O problema: o núcleo é claro demais e devora os detalhes
Na maioria das imagens de galáxias que se encontram na internet, o centro é tão claro que “devora com luz” todos os detalhes próximos — o núcleo é uma mancha de um branco morto, e não se vê a estrutura de poeira ao redor. Não é uma questão de ter fotografado mal, mas sim de a gama dinâmica ser ampla demais e não ter sido comprimida de forma adequada.
O que o HDRMT faz
Abaixo está uma comparação do uso do HDRMT do PixInsight para comprimir a gama dinâmica. A imagem da esquerda é o canal de luminância original da M31, exatamente como se parece a maioria das imagens na internet: centro claro demais e detalhes afogados pelas altas luzes. A da direita é a M31 após a compressão com HDRMT — dá para ver que o núcleo brilhante já não é tão ofuscante, de modo que os detalhes de poeira e as estrelas próximas do núcleo ficam todos mais nítidos.

As vantagens do HDRMT
O HDRMT tem uma vantagem muito importante: embora comprima as altas luzes, ele não torna os lugares que deveriam ser escuros mais escuros do que eram originalmente. Ou seja, o núcleo da galáxia continua sendo “o mais brilhante” em relação aos arredores, apenas deixou de ser ofuscante; assim, você consegue ver os detalhes com clareza sem que a lógica de claros e escuros da imagem seja destruída. É justamente isso que faz o resultado parecer natural, sem a estranheza de uma “compressão excessiva”.
O inconveniente e a combinação com máscaras
É claro que o HDRMT também tem seu preço: ele pode afetar as estrelas e outras partes da imagem. Por isso, combiná-lo com moderação com uma máscara de estrelas ou uma máscara de intervalo para limitar a área sobre a qual ele atua é uma técnica de processamento muito comum.

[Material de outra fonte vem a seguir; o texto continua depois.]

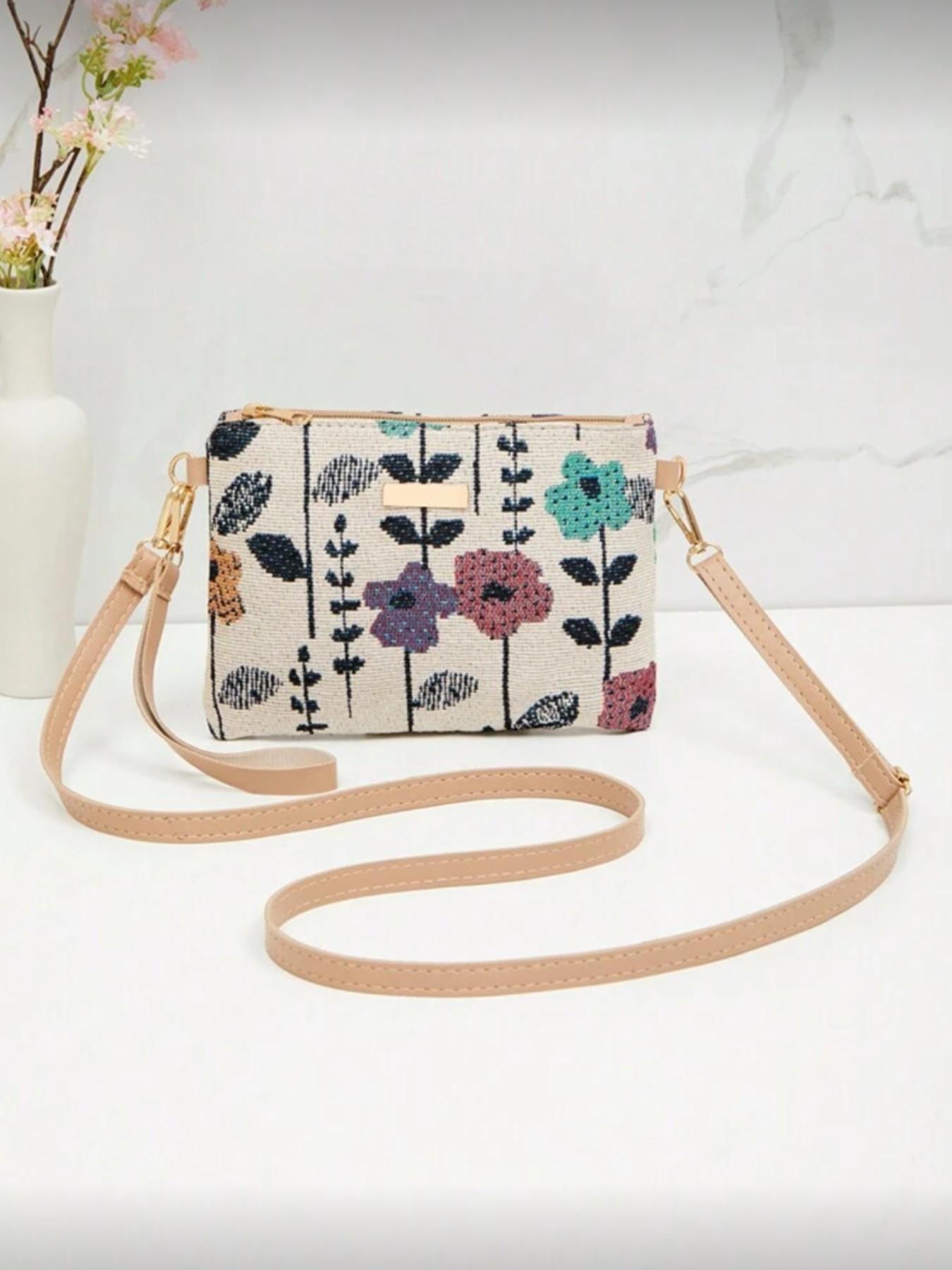 New Women's Multifunctional Handbag, Small Shoulder Crossbody Bag, Sweet Square Shape, Spring Summer Vacation Casual Beach Gift
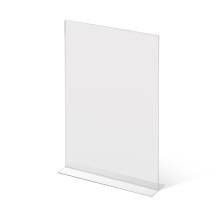 Acrylaufsteller in -Form A3 hoch Acrylaufsteller in -Form A3 hoch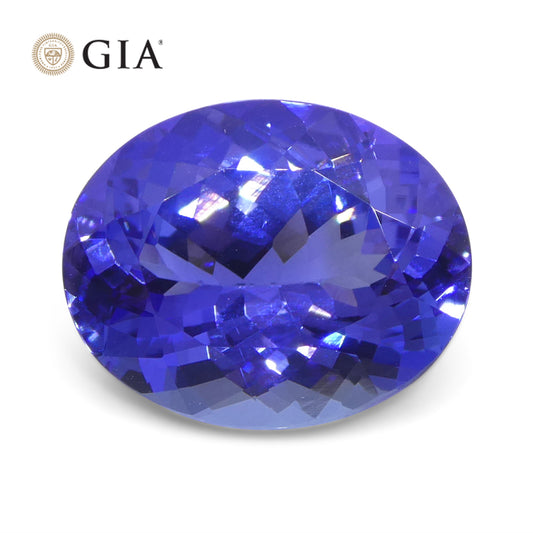 Tanzanite 4.69 cts 12.20 x 9.80 x 5.85 mm Oval Blue-Violet  $5000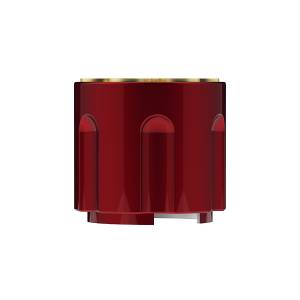 UNITED PACIFIC - UNITED PACIFIC - 70853 - CILINDRO DE PISTOLA POMO DE CAMBIO DE VELOCIDADES 9/10 - ROJO CANDY - Image 4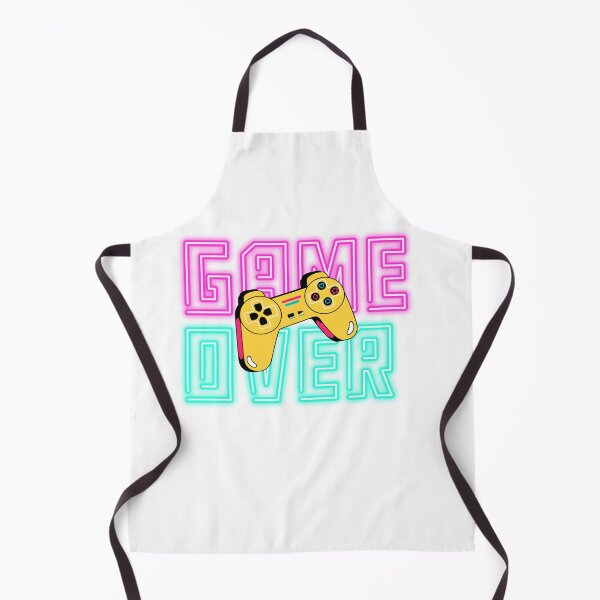 Item preview, Game Over, Gaming designed and sold by RedNeo.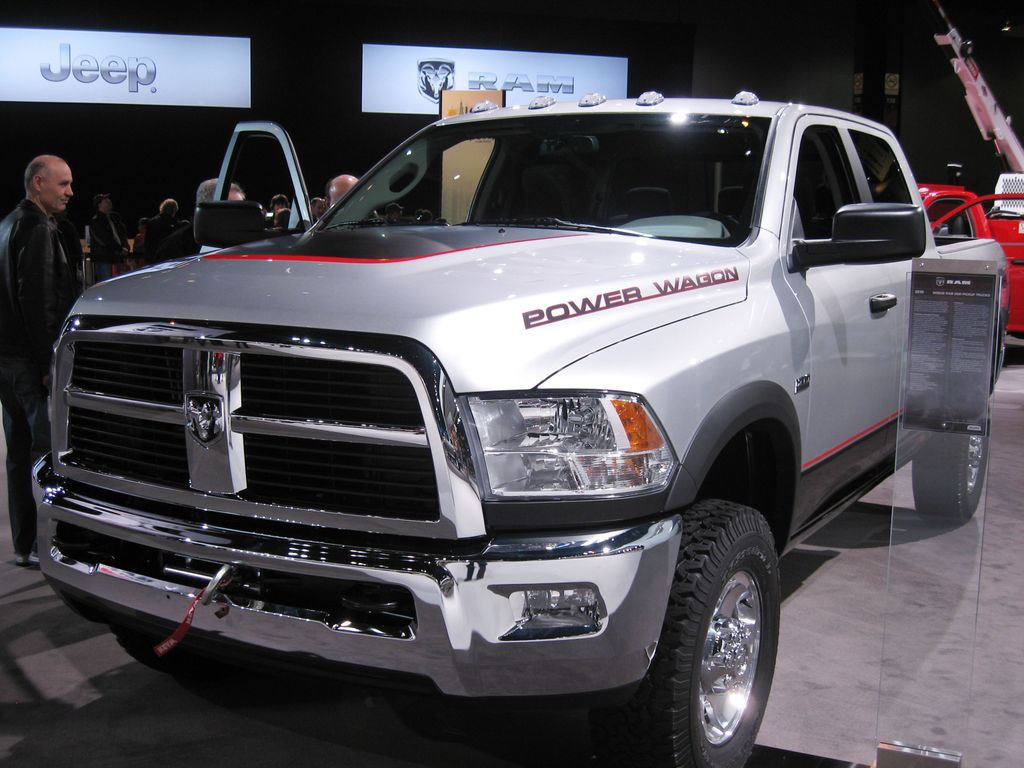 The Contemporary Power Wagon: Ram Brand's Off-Road Icon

No caso do exemplo da M31 desta vez, eu não usei nenhuma máscara — porque a M31 tem relativamente poucas estrelas brilhantes em primeiro plano, e os efeitos colaterais de aplicá-lo diretamente não são evidentes. Mas se o seu alvo tiver bastantes estrelas brilhantes ao redor, recomendo acrescentar uma máscara de proteção para evitar que as estrelas sejam afetadas.
Em resumo
Depois de processar o núcleo, a M31 passa a se parecer bem menos com os trabalhos de iniciante que se veem com frequência na internet. Comprimir o núcleo da galáxia é um passo crucial do processamento avançado — lembre-se da característica do HDRMT de “comprimir as altas luzes sem exagerar”, combine-o com uma máscara conforme o caso, e você conseguirá preservar ao mesmo tempo os detalhes do núcleo e a gradação de claros e escuros do conjunto.